◆ What to work on ◆
Could you retype exactly the lines below between the one holding "Hi there. This" and the one holding "Alright, that's just", inclusive, leaving out any pictures?

*** Opening Data shown ***

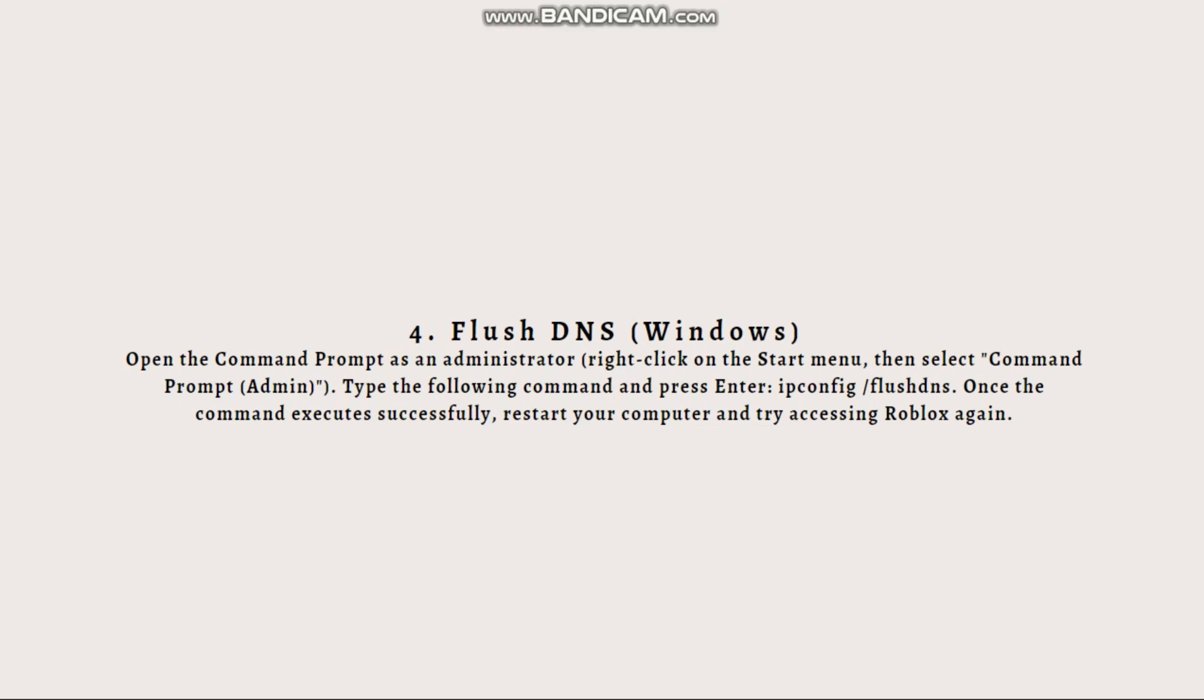The command is flashed on the screen and once the command executes successfully, restart your computer and try accessing Roblox again.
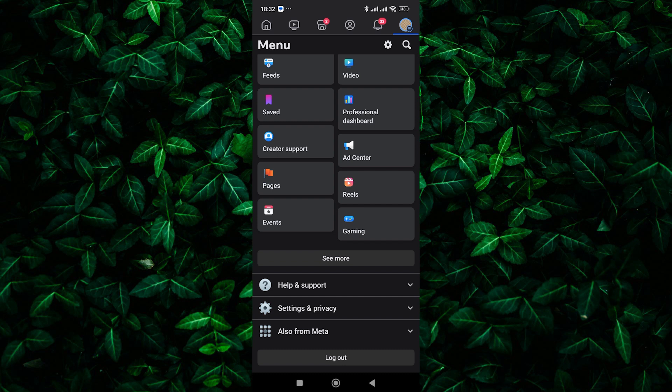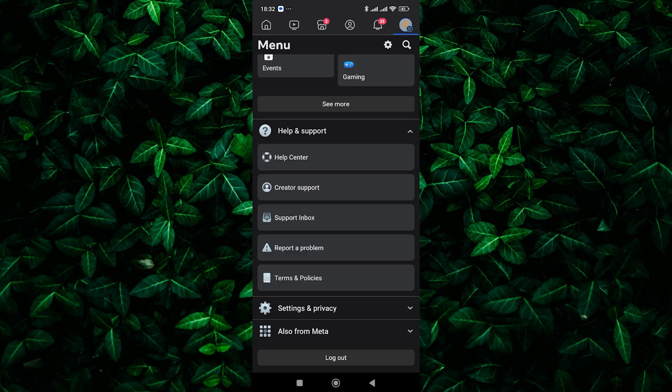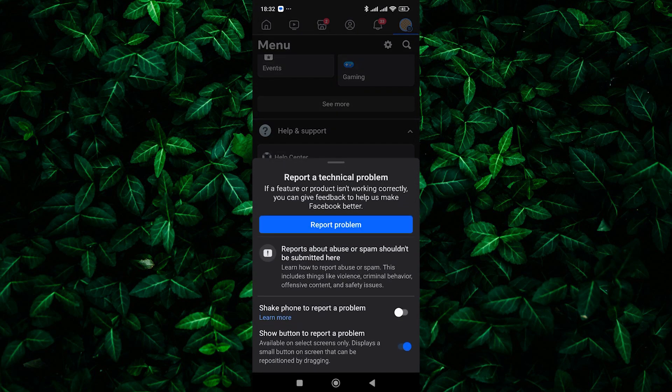Within the menu, scroll down and tap on Help and Support to reveal more options. Among the options, select Report a problem.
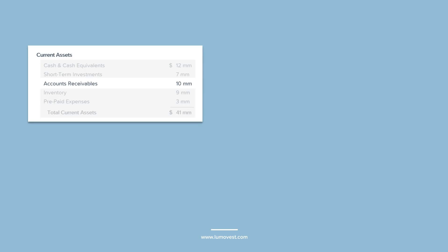If a company has $10 million in accounts receivables, it means that customers owe $10 million to the company. They're obligated to pay $10 million to the company for the products and services they received.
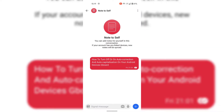How to turn off or on auto correction and auto capitalization on your Android device's Gboard. I currently have a messaging app open called Signal with a conversation open between note to self and I. Before we turn off auto correction and auto capitalization, I'm going to demonstrate how typing a message is like when both of these text correction options are enabled.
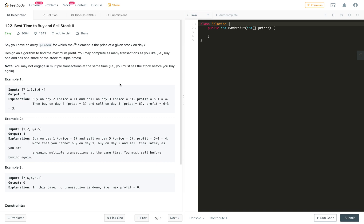Hi everyone, welcome to my channel. Today in this video we will solve the problem Best Time to Buy and Sell Stock 2. I have already posted video solutions on the Best Time to Buy and Sell Stock problem 1 and 3, and with cooldown.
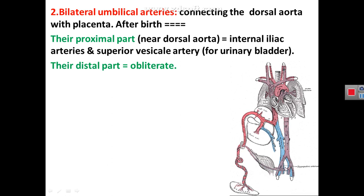After birth, the proximal part of the umbilical artery will form the internal iliac artery and a branch from the internal iliac artery to the urinary bladder called the superior vesical artery. So after birth, remnants of the umbilical artery form the internal iliac artery and its superior vesical branch supplying the upper surface of the urinary bladder. The distal part of the umbilical artery closes after birth to form a fibrous cord covered by the medial umbilical peritoneal ligament.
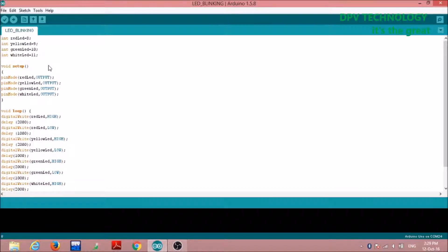In void setup we define which pins are acting as output and which are acting as input. Since we have to supply voltage to the LED terminals, we define all pins — 8, 9, 10, and 11 — as output pins. We write: pinMode(redLED, OUTPUT), meaning pin number 8 is acting as an output pin. Similarly, pinMode(yellowLED, OUTPUT), meaning pin number 9 is acting as an output pin.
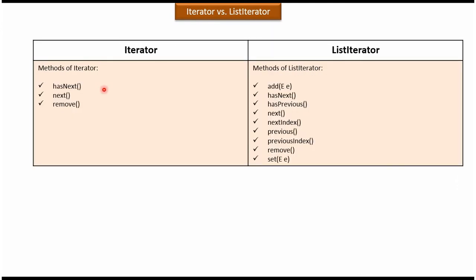Iterator supports only three methods: hasNext(), next(), and remove(). List iterator supports nine methods: add(), hasNext(), hasPrevious(), next(), nextIndex(), previous(), previousIndex(), remove(), and set(). That covers the difference between iterator and list iterator. Thanks for watching.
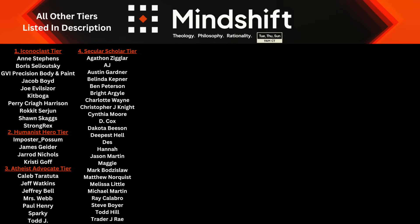I wanted to personally thank my top tiers of support: my Iconoclists — Anne, Boris, GVI, Jacob, Joe, Capoga, Perry, Rocket, Sean, and Strong Rex; my Humanist Heroes — Impostor, James, Jared, and Christy; my Atheist Advocates — Caleb, Jeff, Jeffrey, Paul, Sparky, and Todd — as well as all of my Secular Scholar patrons. If you believe in the mission of the channel or enjoy its content, please consider joining these fine people.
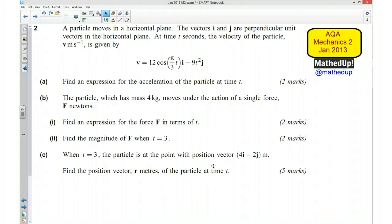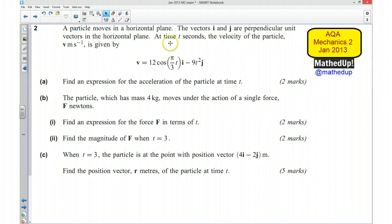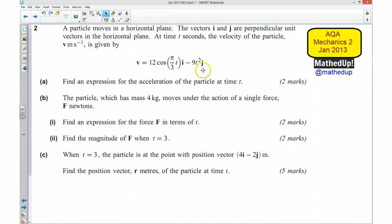This is question 2 from the AQA Mechanics 2 January 2013 exam paper. In this question we have a particle that moves in a horizontal plane. The vectors i and j are perpendicular unit vectors in the horizontal plane. At time t seconds, the velocity of the particle in v meters per second is given by this equation. We need to find an expression for the acceleration of the particle at time t.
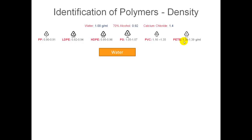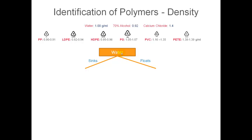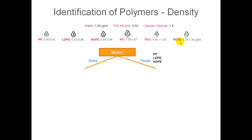Now if we put a piece of each of these plastics in water, which ones are going to float and which ones are going to sink? Water has a density of one gram per milliliter, so anything with a density less than one is going to float — in our case polypropylene, low density polyethylene, and high density polyethylene. The ones that are going to sink are polystyrene, PVC, and PET.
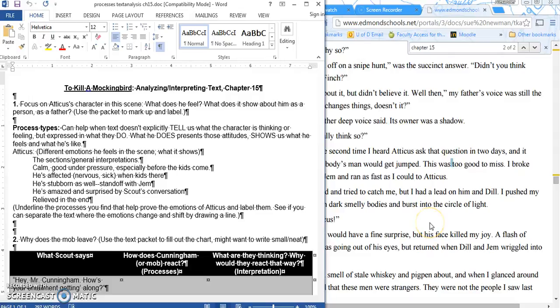Welcome to Day 2 of To Kill a Mockingbird: Analyzing and Interpreting Text, Chapter 15.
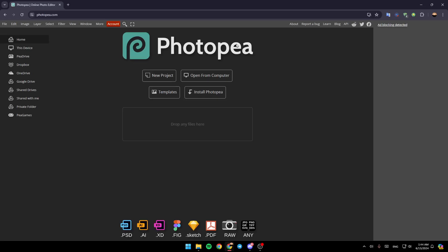Hello everyone, and welcome back to a new video. In this video, I'm going to show you how you can fix pixelated images on Photopea. So if you want to learn how to do it, just follow the steps that I'm going to show you.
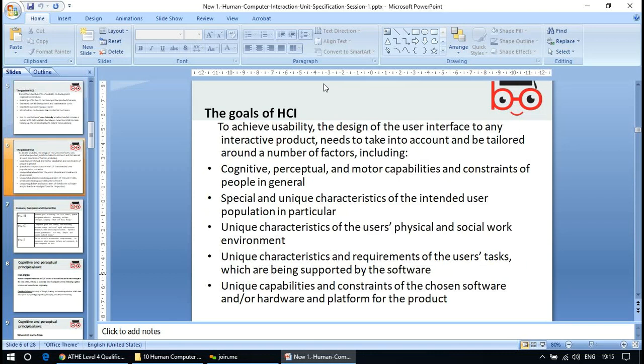To achieve usability, the design of the user interface needs to take into account and be tailored around a number of factors, including the cognitive, perceptual, and motor capabilities and constraints of people in general. Cognitive refers to how the mind is thinking; perceptual refers to how you form an idea of something. It also considers the unique characteristics of the intended user population, the physical and social work environment, and the unique capabilities of the chosen software or hardware platform.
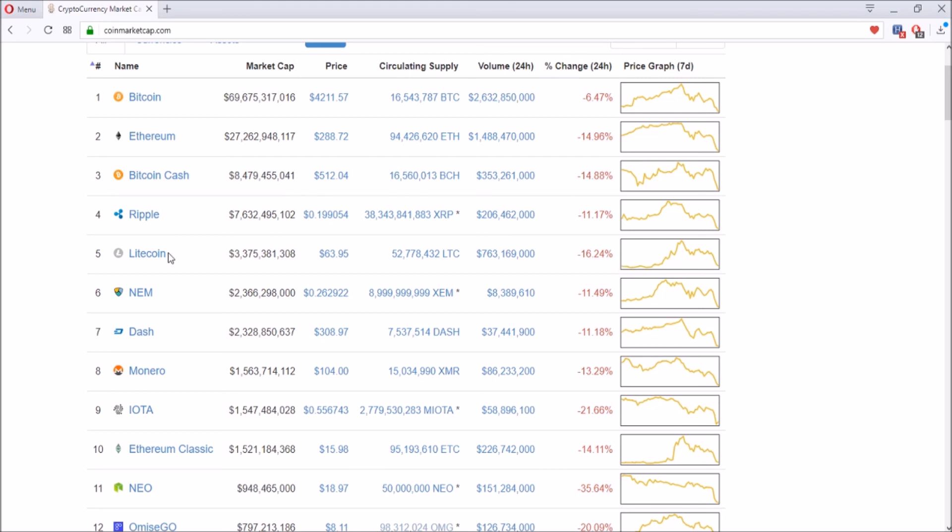Litecoin is definitely a good buy. It can be a good buy right now because it's down a lot, but you might want to wait a couple more days too because you don't know how long this drop will go. It might go for a couple more days, or it might stop today and keep on rising.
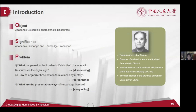Celebrity resources are an important kind of special collection and precious historical materials. The digital storytelling and knowledge service of relevant resources can better promote academic exchange and knowledge production. How the digital humanities perspective brings inspiration to resource construction is an issue that needs to be considered.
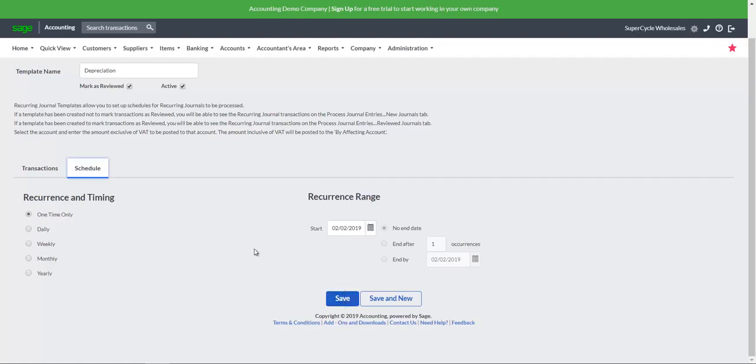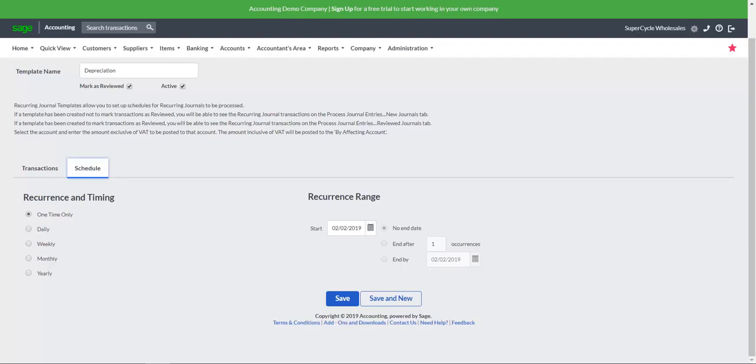The Mark as reviewed checkbox will determine how SAGE creates the journal entries. When marked as reviewed is checked, the transactions will update the system journals automatically on the scheduled dates. However, when marked as reviewed is unchecked, the system will create the journal entries on the scheduled dates to be reviewed and updated manually by the user.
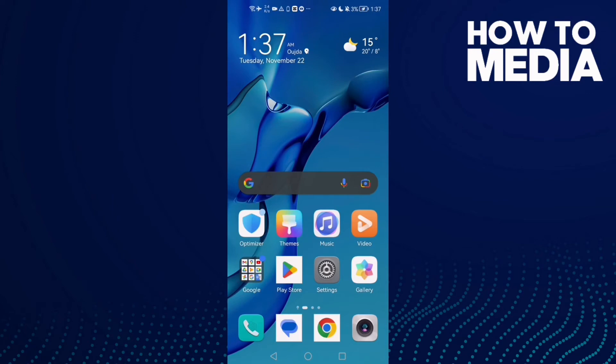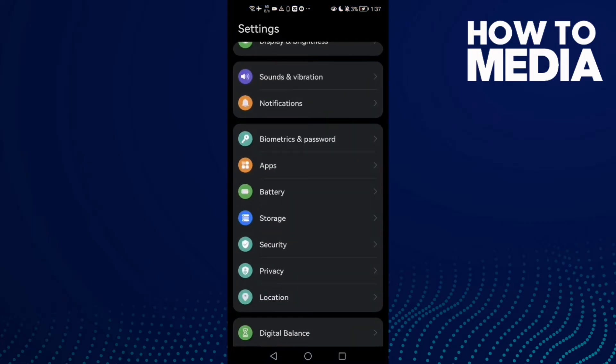How to fix Stumble Guys stuck on loading screen on Android phone. Hello guys, in today's video I'm going to show you how to fix this problem easy and quick on Android phone. First, open Settings.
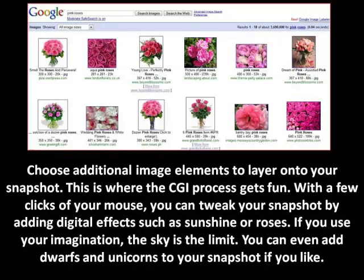Step 4: Choose additional image elements to layer onto your snapshot. This is where the CGI process gets fun. With a few clicks of your mouse, you can tweak your snapshot by adding digital effects such as sunshine or roses. If you use your imagination, the sky is the limit. You can even add dwarfs and unicorns to your snapshot if you like.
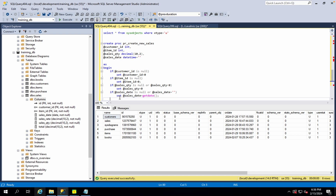We also need to handle the sales date — whether the sales date is passed or not, and what happens when it is passed.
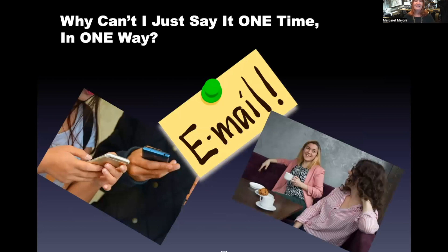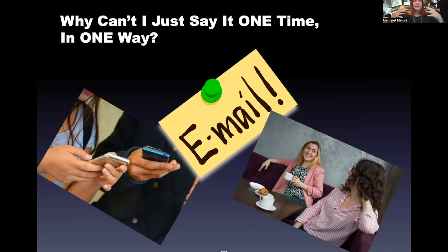Why can't I just say it one time, one way? We are all so bombarded with information that it's really important to deliver messages in multiple ways.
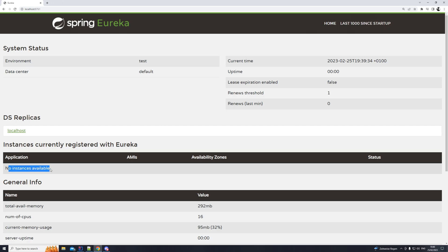This is where our services would be listed. So for the server, that's it — we don't have to do anything else. The next thing would be to actually implement our microservices, the services that would register with Eureka.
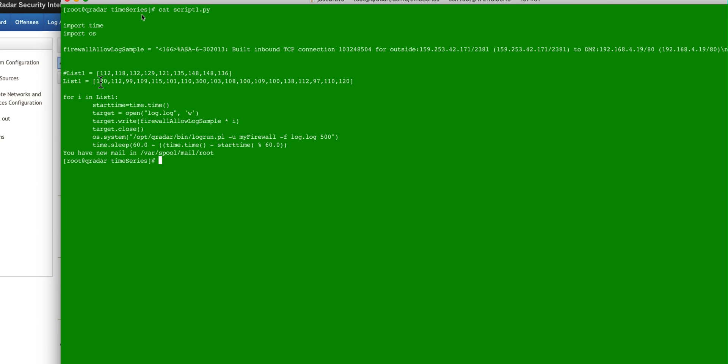So the first value is going to be 120, 112, so on and so forth. There's going to become a point where he sends 300 of those events. And that passes the 250 threshold on the rule that we will create later. And that rule should fire.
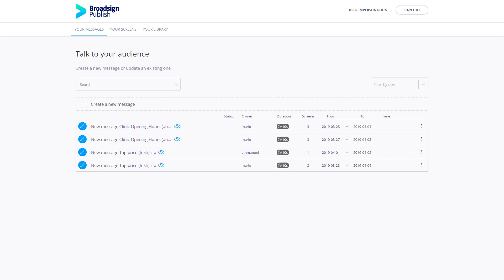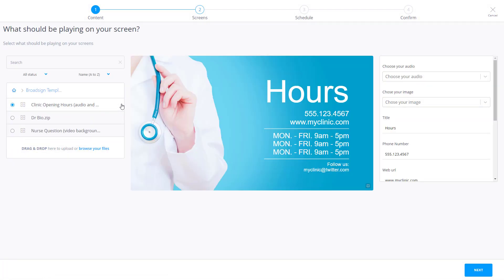Now let's walk through scheduling a message. From your messages, click Create a new message. From the list of pre-approved templates, select the one you wish to use.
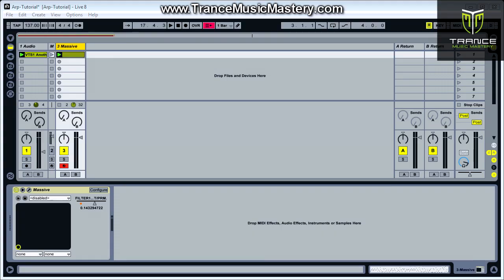Hello, this is Scott McLean from TransMusicMastery.com and today I have another tutorial. This week a TransMusicMastery member emailed me and asked about arpeggiators. So I'm going to do a tutorial today on how to create an arpeggiation manually. I'll have another follow-up video tutorial later in the week on how to use the arpeggiator plugin that comes with Live.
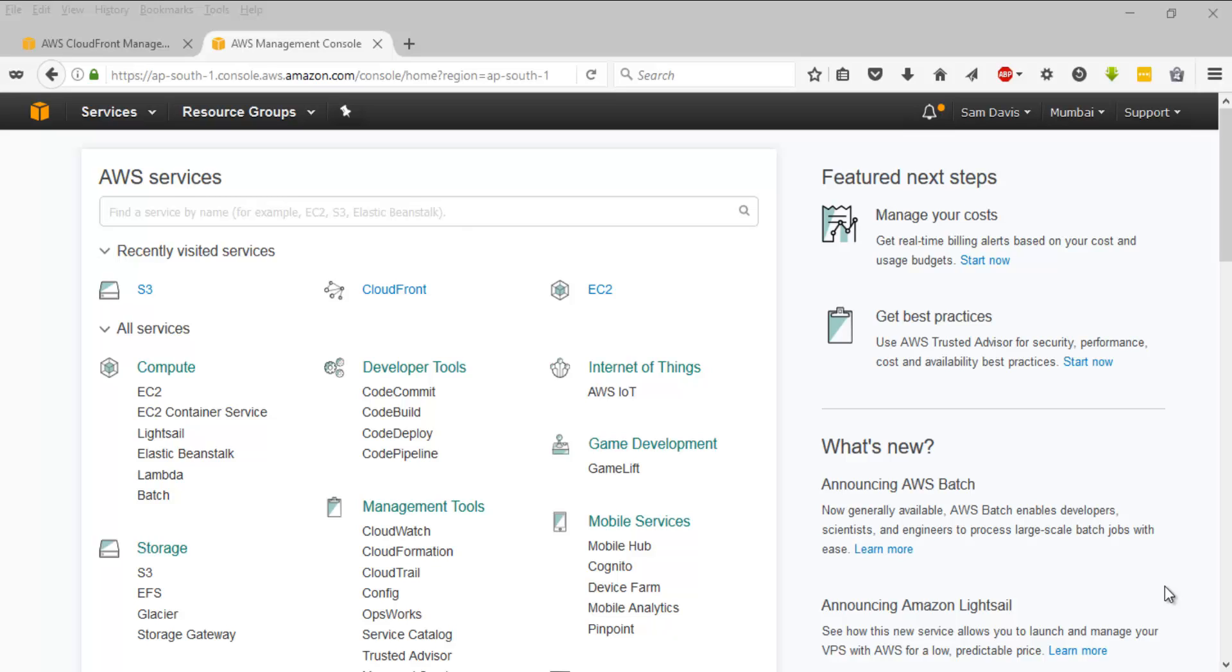Hey guys, how is it going? This is Sam here. Welcome to another video. This is a lab session on CDN AWS CloudFront. Before we begin with setting up a CloudFront distribution, let's take a step back and let's create an S3 bucket.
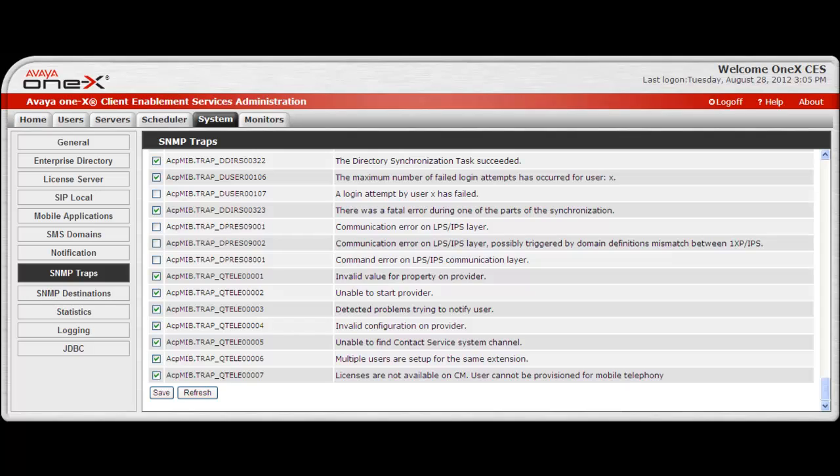After making any changes to this list, select save for the changes to take effect. If necessary, you may select refresh prior to selecting save. This will return the list to what was set prior to the start of your session.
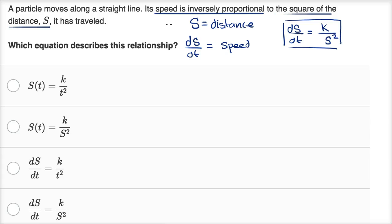Now let's see which of these choices match that. This one is exactly what we wrote: the speed, the rate of change of distance with respect to time, is inversely proportional to the square of the distance.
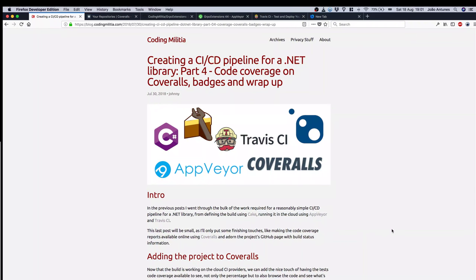Hi there. This will be a quick one to wrap this series of videos on creating a reasonably simple CI-CD pipeline for a .NET library.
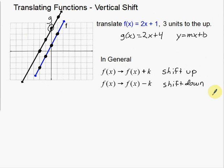Alright, that's just a couple of examples of how to do a horizontal shift and a vertical shift. That is translating linear functions by either using a vertical shift or by using a horizontal shift.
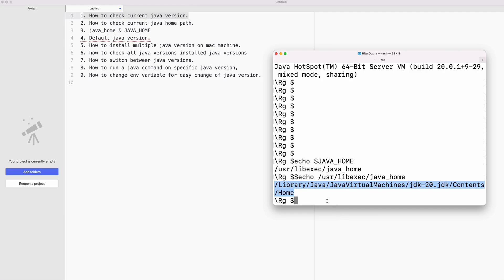To install multiple Java versions, you just download the DMG file for each version on your Mac machine, double-click it, and install it. I'll provide the download links for the JDKs.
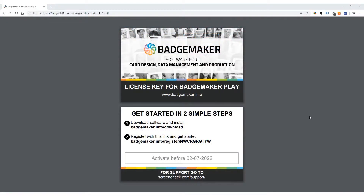The software activation link that you received looks like this. On the front of the PDF you can see the name of the product. On the back of the PDF you see the instructions for the customer to get the software and register it.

*** Closing Data shown ***

◆ Result of the exercise ◆
Hi there. This will be a quick one to wrap this series of videos on creating a reasonably simple CI-CD pipeline for a .NET library.
Alright, that's just a couple of examples of how to do a horizontal shift and a vertical shift. That is translating linear functions by either using a vertical shift or by using a horizontal shift.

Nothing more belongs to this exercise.